The second reservation relates to the units of measurement used. Vessel tonnage is a volumetric measure which depends critically on the exact methodology. A valid comparison of fleet tonnage requires a consistent standard for the period in question. Consistency is, however, not readily achievable because the European Community is progressively altering the methodology used for the fishing fleet from the various national and international standards, previously collectively called GRT, to a common standard based on the international tonnage convention 1969 and known as GT. A phased programme of conversion was introduced by Council regulation (EEC) 2930/86, amended in particular by Council regulation (EEC) 3259/94, using technical provisions laid down in Commission decision 95/84/EC. Copies of these instruments are available in the House library. This process is not due to be completed until 2003.

There is no simple mathematical relationship between GRT and GT for any given vessel establishment of a GT figure can be done only by physical measurement or, in the case of smaller vessels, by the application of formulae designed to give an approximation. Moreover, although GT figures are often higher than GRT figures for the same vessel, the range of outcomes can be as low as 50 per cent. or as high as 300 per cent. of the original tonnage according to the individual vessel characteristics. It is therefore impossible to use general assumptions to convert either the end 1996 target, or the current nominal tonnage of our fleet, to a GT basis, since the true result will depend on the actual relationship between GRT and GT for each of the particular vessels included on each occasion. Thus conversion requires consideration of each individual vessel.

The Commission's attempted conversion in their recent published figures noted above, does not allow for this and does not use procedures agreed by member states or laid down in EU law. Their figures cannot therefore be properly described as GT, nor can the relationship between them be assumed to be proportional to actual progress in reducing our fleet.

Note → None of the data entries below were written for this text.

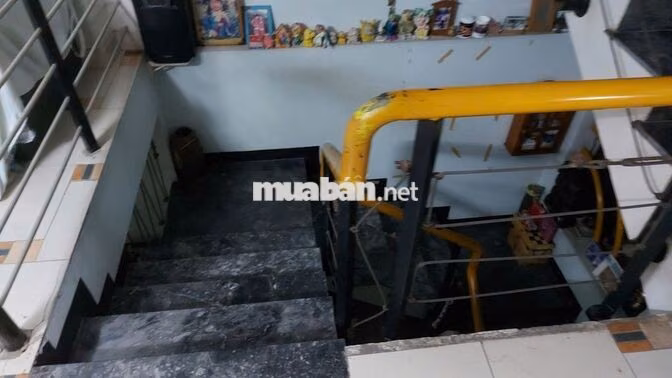 nhà nc chánh hưng gần nhà thờ hải nam phạm hùng tạ quang bửu 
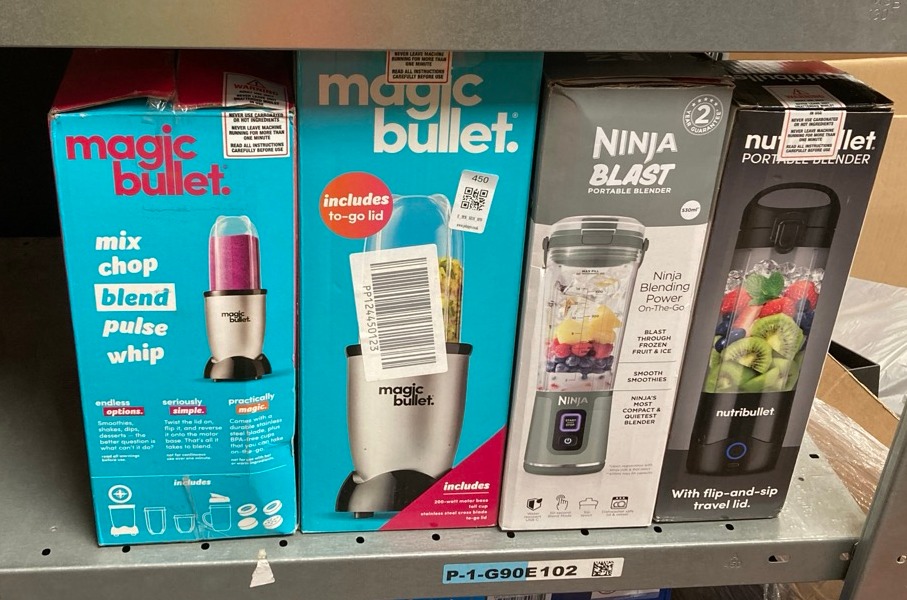 Lot 450  
            Edinburgh SR34 - Delivery Only 

                
QUANTITY OF KITCHEN & APPLIANCES ITEMS TO INCLUDE NUTRIBULLET PORTABLE BLENDER IN...
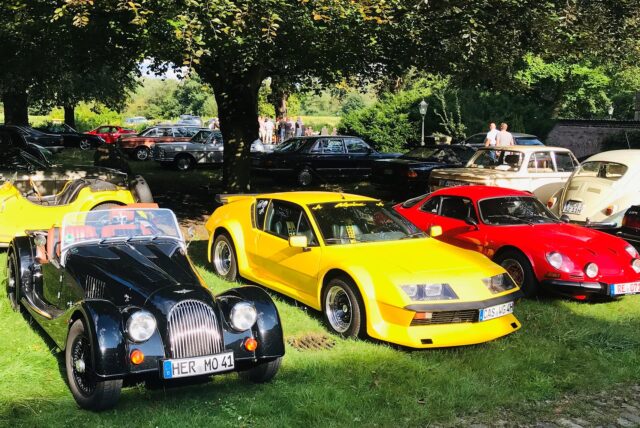 Auch seltene Fahrzeuge aus den Montagehallen von Jaguar, Borgward, Austin, NSU, Alfa Romeo, Alpine, Panther und Morgan kamen in Castrop-Rauxel zusammen.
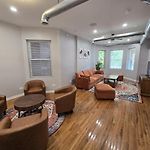 Luxe Loft Vibe With King Suite - 4Br 3Ba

Detailed work is being carried out to arrive at an accurate assessment of the UK position—similar uncertainties arise in relation to the figures for other member states. But, because records relating to vessels already removed from the fleet are not always sufficient to enable GT equivalents to be determined, there will necessarily be a degree of imprecision. Similarly, some newer vessels will be measured only in GT and would need to be remeasured to arrive at a GRT figure. As things stand, it is not therefore possible to give a valid comparison of performance against target on either basis.

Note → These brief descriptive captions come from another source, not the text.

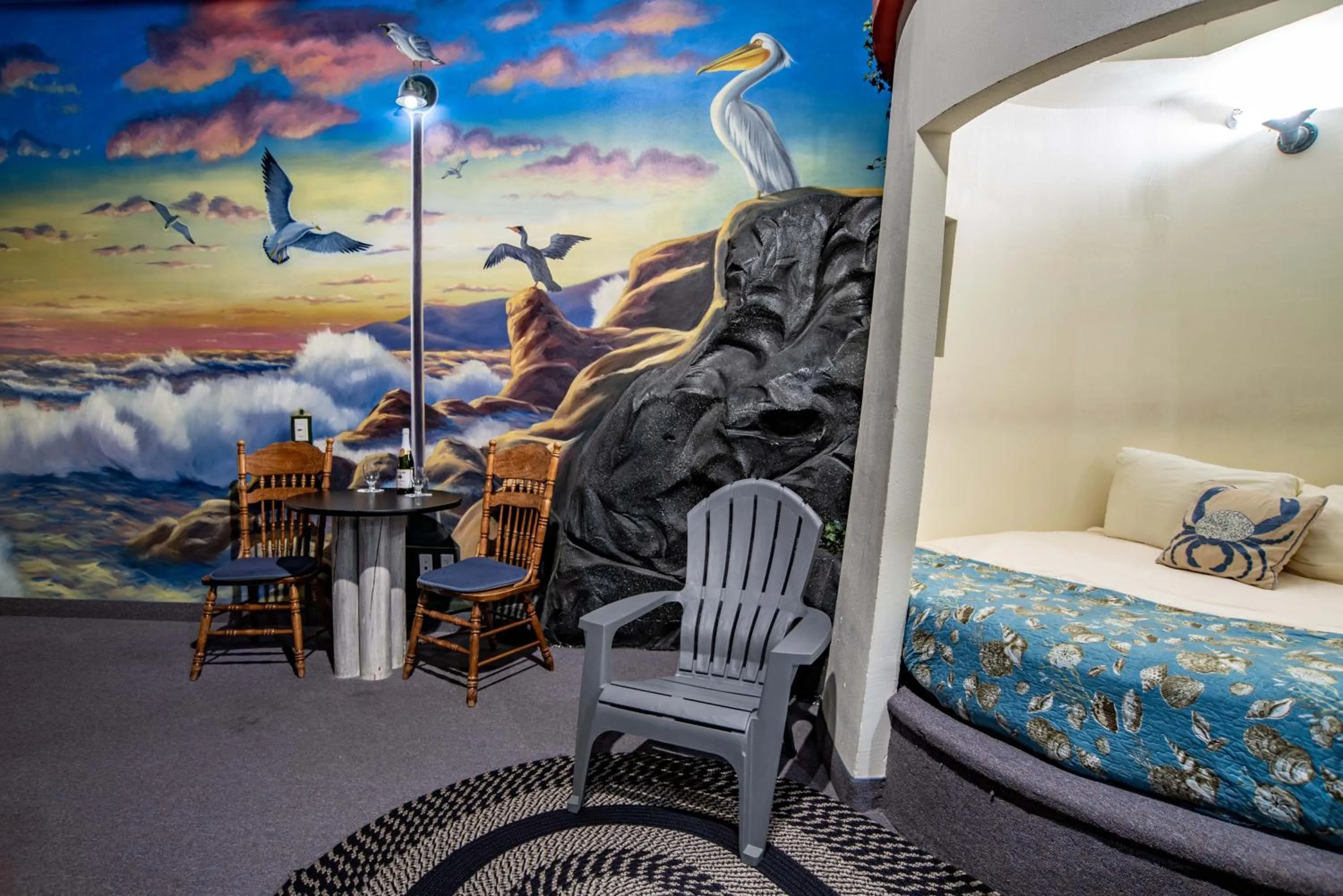 Photo of the whole room, Bed in The Anniversary Inn - Boise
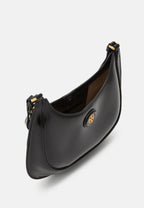 Tory Burch
Robinson Convertible Crescent Shoulder Bag in Patent Leather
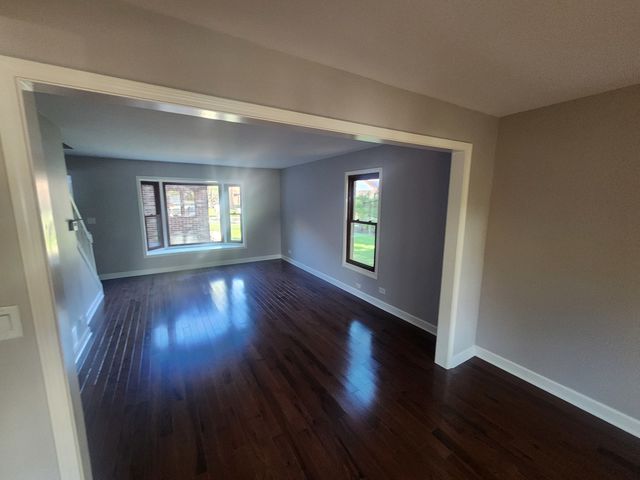 1612 N WINDSOR Drive, Arlington Heights, IL 60004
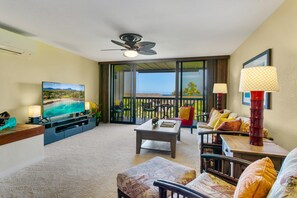 Living room with Amazing ocean views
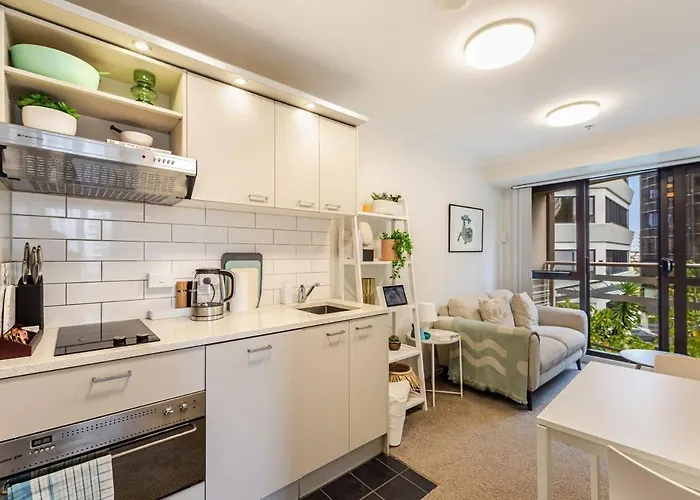 Prime Location - 2 Bedroom Urban Retreat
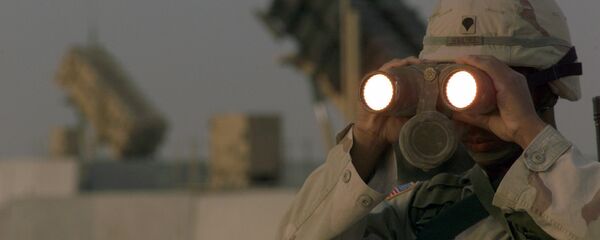 US soldier uses a pair of binoculars to scans the landscape around his Patriot Missiles based at Al Udeid AB, Qatar - Sputnik Việt Nam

These and other technical issues such as discrepancies between UK and Commission records of the number of vessels in our fleet, are being discussed bilaterally with the Commission. We are also passing full details of our calculations to it so that agreement can be reached on appropriate adjustments. The total impact of this technical review is quite substantial. Once completed and agreed, I anticipate we shall be within a handful of percentage points of our tonnage target.